Monday, February 15, 2016


2/3 Cognac (1 1/2 oz Camus VS)
1 dash Dry Vermouth (1 oz Noilly Prat)
2 dash Crème de Noyaux (1/4 oz Tempus Fugit)
1 dash Maraquin (1/4 oz Luxardo Maraschino)

Stir with ice and strain into a cocktail glass.

Two Tuesdays ago, I was browsing Pioneers of Mixing in Elite Bars: 1903-1933 when I spotted the Parisian, a brandy drink that reminded me of a Brooklyn in structure. Instead of Amer Picon, the Parisian utilized the nutty crème de noyaux. That ingredient is something that is very French to me for it is featured heavily in the French cocktail book Bariana -- a drink book that sent me on a journey to find artisanal noyaux after buying the book and attending a talk at Tales of the Cocktail in 2010 on the past and present Paris cocktail scene.

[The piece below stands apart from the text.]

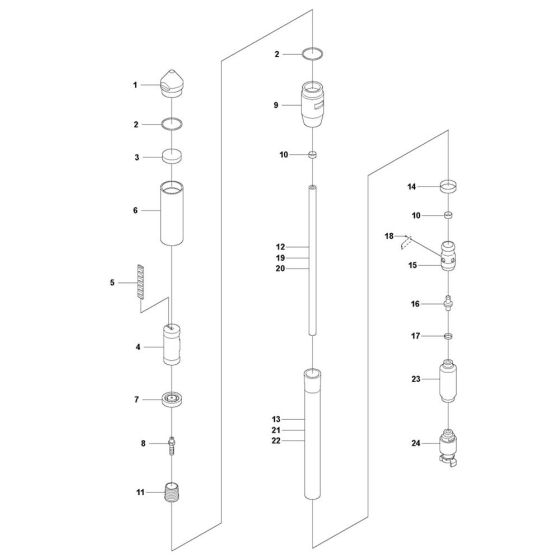 Complete Assembly for Husqvarna AY 47 Poker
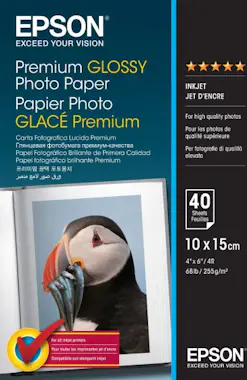 Epson Epson Premium Glossy Photo Paper, 100 x 150 mm, 25 Epson Epson Premium Glossy Photo Paper, 100 x 150 mm, 25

Five years later, I was finally able to purchase Tempus Fugit's rather authentic version.
The Parisian began with a brandy aroma with nutty undertones. Next, the sip was rather light with some barrel age, white wine, and cherry notes in the mix, and the swallow offered the Cognac with a nutty-fruity combination of noyaux and Maraschino.